The input string must remain valid for the lifetime of the tokenizer since tokens reference slices of the input.

Usage example:

std::string input = "EM[UNIMOD:35]K";
ProFormaTokenizer tokenizer(input);
while (tokenizer.hasMore())
{
ProFormaTokenizer::Token token = tokenizer.next();
std::cout << "Token: " << token.text << " at position " << token.position << std::endl;
}
Tokenizer for ProForma v2 peptidoform notation.
Definition ProFormaTokenizer.h:54
A single token from the input stream.
Definition ProFormaTokenizer.h:89
size_t position
Byte offset in the original input (0-indexed)
Definition ProFormaTokenizer.h:92
std::string_view text
View into the original input (zero-copy)
Definition ProFormaTokenizer.h:91

Member Enumeration Documentation

◆ TokenType

enum class TokenType
strong

Token types produced by the tokenizer.

Enumerator
LBRACKET 

Left square bracket: [.

RBRACKET 

Right square bracket: ].

LPAREN 

Left parenthesis: (.

RPAREN 

Right parenthesis: )

LBRACE 

Left curly brace: {.

RBRACE 

Right curly brace: }.

LANGLE 

Left angle bracket: <.

RANGLE 

Right angle bracket: >

PLUS 

Plus sign: +.

MINUS 

Minus sign: -.

SLASH 

Forward slash: /.

PIPE 

Vertical bar (pipe): |.

HASH 

Hash/pound sign: #.

COLON 

Colon: :

COMMA 

Comma: ,.

CARET 

Caret: ^.

QUESTION 

Question mark: ?

AT 

At sign: .

NUMBER 

Numeric literal (integer or decimal, possibly with leading +/-)

IDENTIFIER 

Letter sequence (A-Za-z)

END 

End of input.

Constructor & Destructor Documentation

◆ ProFormaTokenizer() [1/3]

ProFormaTokenizer ( std::string_view  input,
size_t  start_pos = 0 
)
explicit

Construct a tokenizer for the given input string.

Parameters
inputThe ProForma string to tokenize. Must remain valid for the lifetime of this tokenizer.
start_posOptional starting position (default 0). Used for efficient lookahead without re-scanning from the beginning.

◆ ~ProFormaTokenizer()

~ProFormaTokenizer ( )
default

Default destructor.

◆ ProFormaTokenizer() [2/3]

ProFormaTokenizer ( const ProFormaTokenizer )
default

Copy constructor.

◆ ProFormaTokenizer() [3/3]

Move constructor.

Member Function Documentation

◆ advance_()

char advance_ ( )
private

Advance to the next character and return the previous one.

◆ current_()

char current_ ( ) const
private

Get the current character (or '\0' if at end)

◆ getContext()

std::string_view getContext ( size_t  pos,
size_t  before = 20,
size_t  after = 20 
) const

Get a context string around a position for error messages.

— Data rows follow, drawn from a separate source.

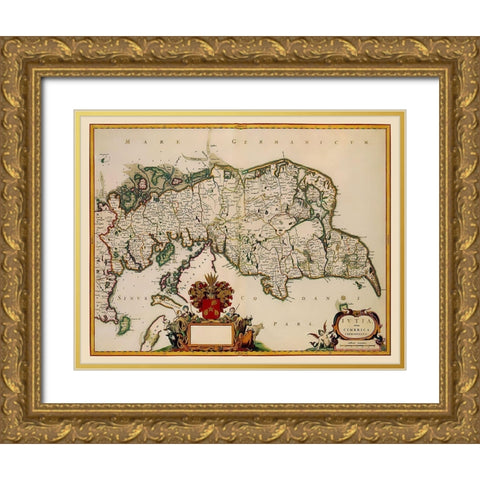 Scandinavia Norway Denmark - Blaeu 1662 Gold Ornate Wood Framed Art Print with Double Matting by Blaeu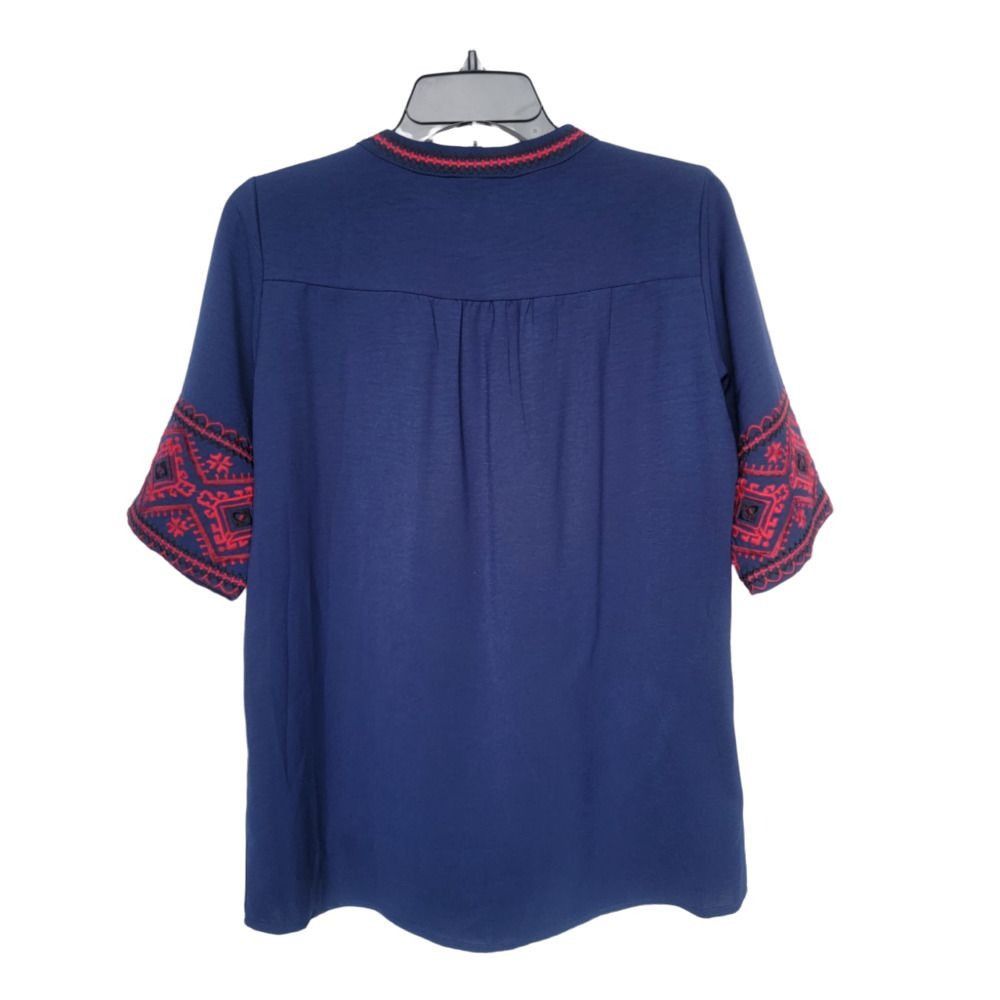 Other ⭐Womens Navy Blue Embroidered Tunic Top Sz S Beach Boho Red Size S / US 4 / IT 40 - 3 Thumbnail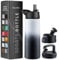 Triple Insulated Stainless Steel Water Bottle with Straw Lid - Flip Top Lid - Wide Mouth Cap (750 ML) Insulated Water Bottles, Keeps Hot and Cold - Great for Hiking & Biking (Dreamy Black-White)
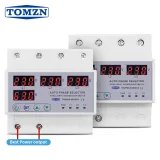 100A 63A 3 phase 3P+N Din rail phase selector adjustable Over and Under Voltage current protection Monitor Relays Protector - TOMZN
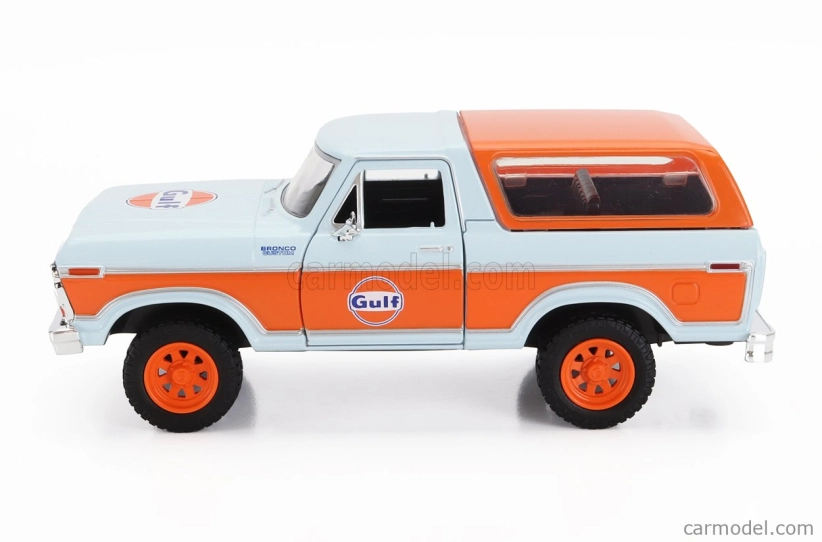 Motor-max Ford usa Bronco Gulf 1978 1:24 Světle Modrá Oranžová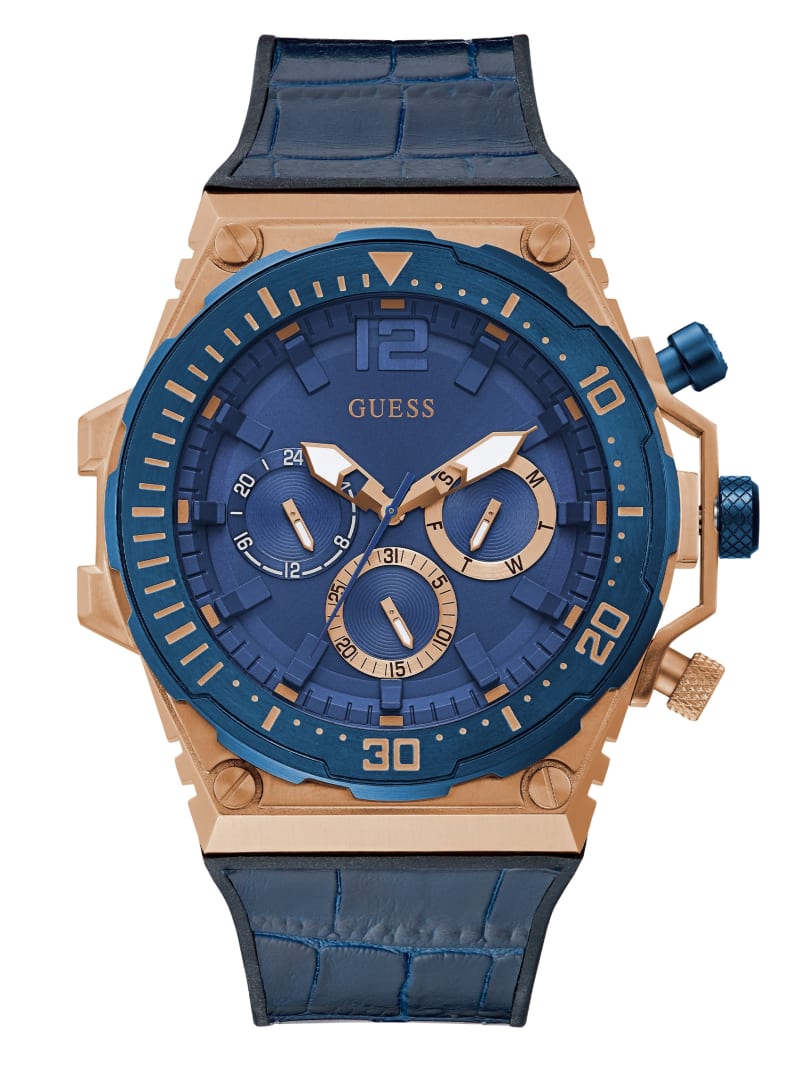 Zegarek Męskie Guess Rose Gold-Tone and Blue Wielofunkcyjny Kolorowe | 510693-MSG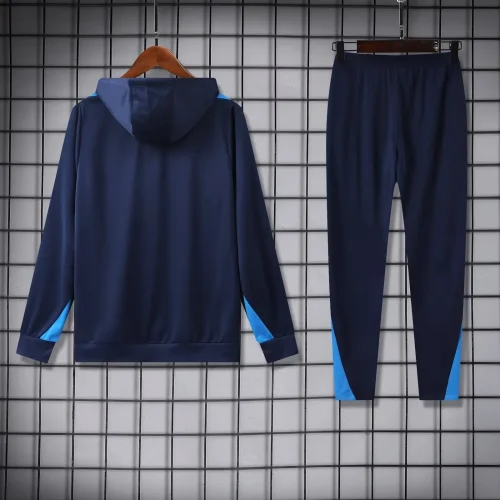 chelsea 2024-25 navy blue hooded training suit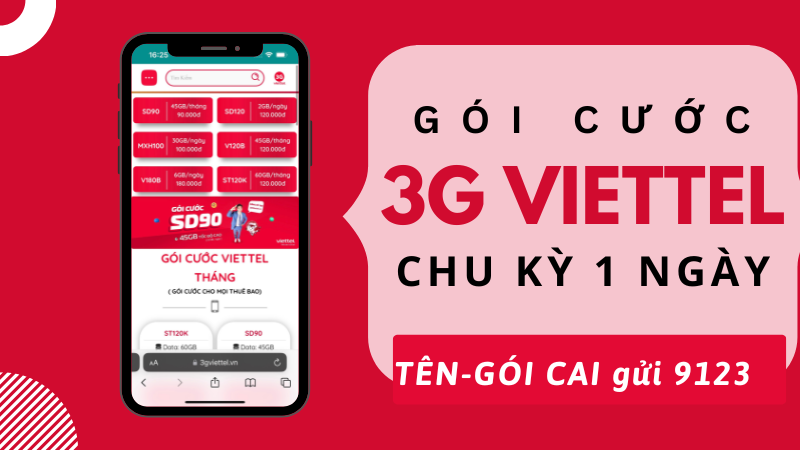 Cách đăng ký gói cước 3G Viettel 1 ngày giá chỉ từ 2K 3K 5K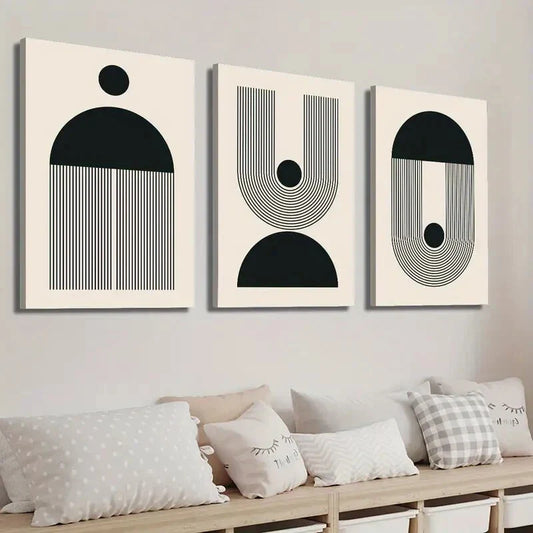 3pcs Black & Beige Abstract Geometric Wall Art Set Canvas Framed 40x60cm - High Quality Print 100% Australian Made Wall Canvas Ready to Hang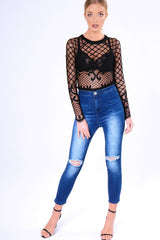 Black Lace Long Sleeve Bodysuit - Kirsty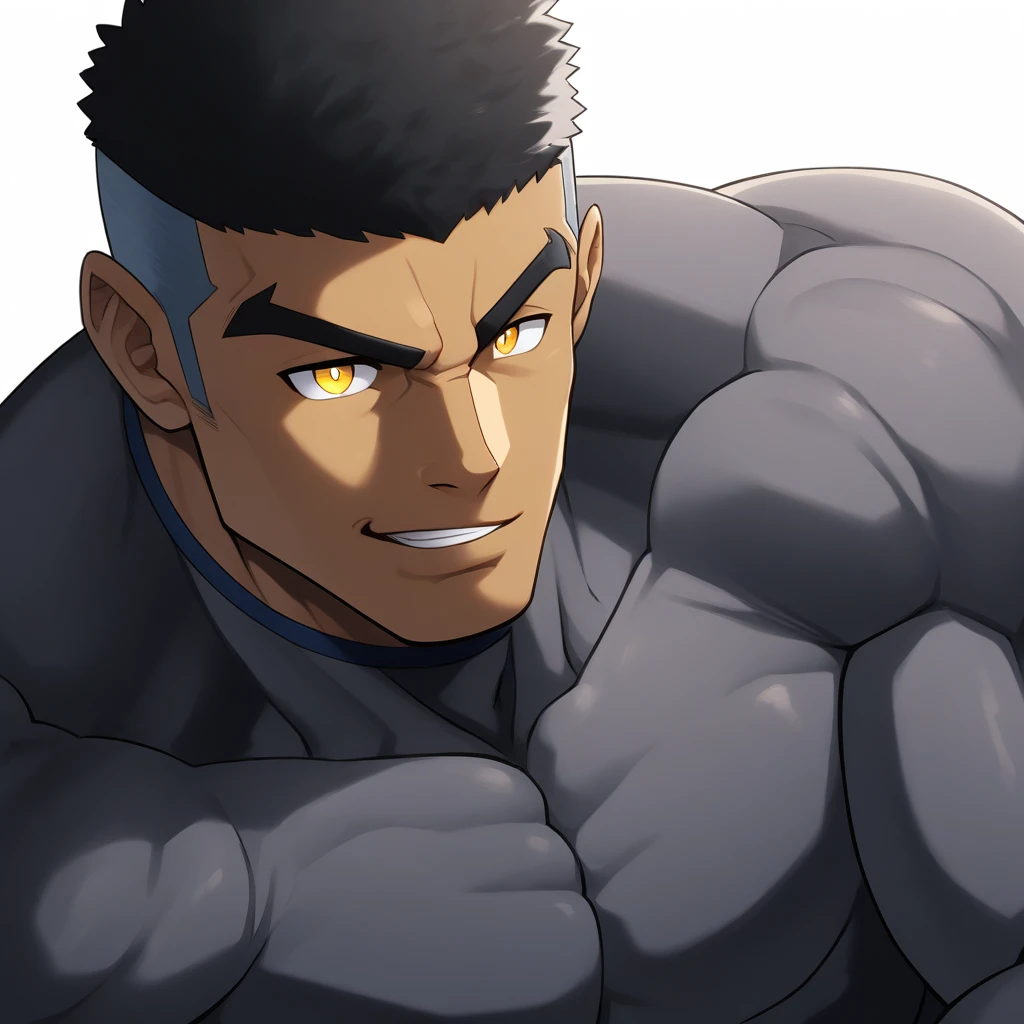 one negro, anime characters：Gyee, Muscle Sports Student, negro black skin, Very Black, 1 muscular tough guy, Manliness, male focus, Dark grey ong sleeve tights, Regular symmetrical pattern, Very tight, The pectoral muscles are oversized, muscular male, muscular, only, Upper body, alone, Black short hair, Thick eyebrows, stubble, Yellow eyes, White background, simple background, amazing quality, best aesthetics, Ridiculous, bright pupils, crew cut, parted lips, seductive smile, torogao, naughty face, best quality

Returns a substring of the input centered around the given position, useful for providing context in error messages.

Parameters
posThe position to center the context around
beforeMaximum number of characters to include before pos
afterMaximum number of characters to include after pos
Returns
A view of the context substring

◆ hasMore()

bool hasMore ( ) const

Check if more tokens are available.

Returns
true if there are more tokens (i.e., next() would not return END)

◆ isAtEnd_()

bool isAtEnd_ ( ) const
private

Check if we have reached the end of input.

◆ isDigit_()

static bool isDigit_ ( char  c)
staticprivate

Check if a character is a digit (0-9)

◆ isLetter_()

static bool isLetter_ ( char  c)
staticprivate

Check if a character is a letter (A-Za-z)

◆ next()

Token next ( )

Consume and return the next token.

Advances the tokenizer position past the returned token.

Returns
The next token from the input stream

◆ operator=() [1/2]

ProFormaTokenizer & operator= ( const ProFormaTokenizer )
default

Copy assignment operator.

◆ operator=() [2/2]

ProFormaTokenizer & operator= ( ProFormaTokenizer &&  )
default

Move assignment operator.

◆ peek()

Token peek ( )

Look at the next token without consuming it.

Multiple calls to peek() without intervening next() calls return the same token.

Returns
The next token that would be returned by next()

◆ peek_()

char peek_ ( size_t  offset) const
private

Get the character at offset from current position (or '\0' if out of bounds)

◆ position()

size_t position ( ) const

Get the current position in the input.

Returns
The byte offset of the next character to be scanned

◆ scanIdentifier_()

Token scanIdentifier_ ( )
private

Scan an identifier token (letter sequence)

◆ scanNumber_()

Token scanNumber_ ( )
private

Scan a number token (integer, decimal, optionally signed)

◆ scanToken_()

Token scanToken_ ( )
private

Scan and return the next token from the current position.

◆ tokenTypeName()

static const char * tokenTypeName ( TokenType  type)
static

Get a human-readable name for a token type.

Parameters
typeThe token type
Returns
A string describing the token type

Member Data Documentation

◆ input_

std::string_view input_
private

The input string (must remain valid for tokenizer lifetime)

◆ peeked_

std::optional<Token> peeked_
private

Cached peeked token (if any)

◆ pos_

size_t pos_ = 0
private

Current position in the input.